After we're seated at a two-top near the front, our server Jane swings by with menus. She explains the concept: for $36 per person, you choose one dish from the three sections, plus a rice (white or for $2 extra, a seasonal special). The menu, crafted by chef Junghyun Park (one of South Korea's most accomplished exports), is inspired by banchan, the eclectic side dishes that come with every Korean meal where everything is meant to be shared. We already have our eye on one – a uni-topped steamed egg that my dining companion spotted on Instagram (naturally).
It doesn’t take us long to come up with a game plan: six dishes total, plus two bowls of the seasonal mushroom rice. Our choices include two plates from the middle group – the steamed egg, plus a pork and shrimp-stuffed squid with salsa verde – and one from section three, the pork jowl.

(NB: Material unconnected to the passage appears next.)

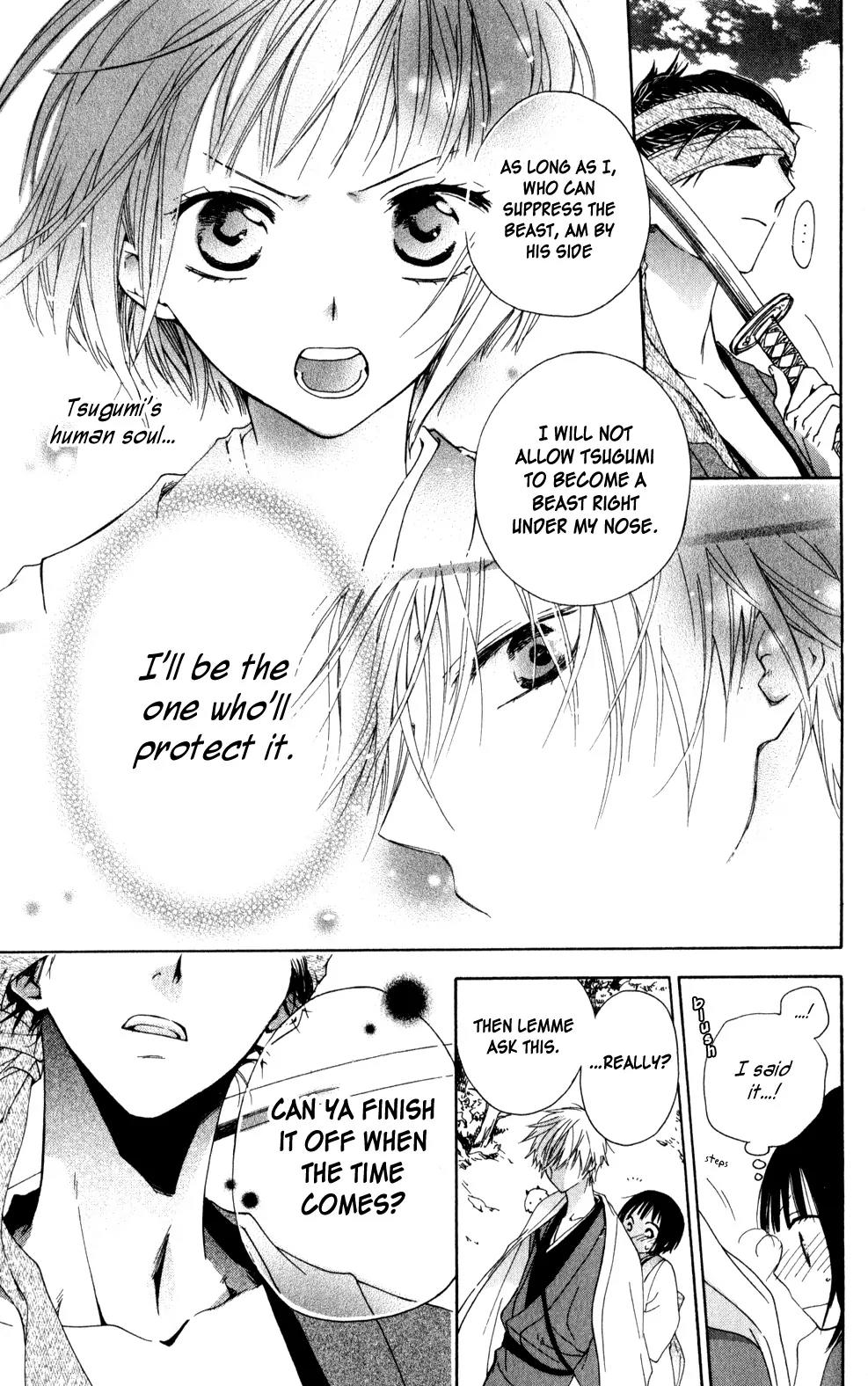 Kage ni Saku Hana Chapter 3 page 31 - Chapter 3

Jane returns to take our order. “It’s $10 more for fresh California uni,” she informs us about the steamed egg. “Would you like to add it?” We nod in unison and are met with an approving look. Moments later, Ellia, who runs the restaurant with her husband chef Park, stops by. She’s incredibly sweet and enviably fashionable in a dark oversized sweatshirt, black jeans and tennis shoes. No wonder the restaurant, with its exposed concrete walls, gray wooden tables and copper accents, feels so perfectly industrial-chic.
Dishes arrive fast and our table is beginning to fill up, but it never feels cluttered. I look around and notice all the other tables, populated by a mix of couples and small groups, who aren’t overwhelmed by their growing spreads either. Good measuring on behalf of the Parks.
I turn my attention back to our food; the egg dish is finally here and we pass it around in an attempt to take our own Instagram-worthy shot before digging in. Chef Park put in time at Michelin-starred Korean restaurant Jungsik, and his skills are evident – the egg is exceedingly smooth with a boost of texture from watercress and fried quinoa. Topped with five silky slips of uni, it’s truly a heavenly bite. The egg disappears fast, as does the unctuous fatty pork jowl, which is paired with ssamjang-covered barley and a tangy lettuce salad.
We’re stuffed, but that doesn’t stop us from ordering dessert, a honey panna cotta and sujeonggwa granita. Finished with a golden crumble and pomegranate seeds, the panna cotta is more photogenic, but it’s the granita – inspired by a Korean cinnamon-ginger drink traditionally served at the end of a meal – that’s the standout. The icy flavored crystals are delish, and walnuts are added in for crunch. It’s a light, sophisticated end to an elegant meal. We'll be back for seconds soon.
Disclaimer: VIVA was a guest of Atoboy restaurant, however opinions and comments made by the writer remain unbiased and independent.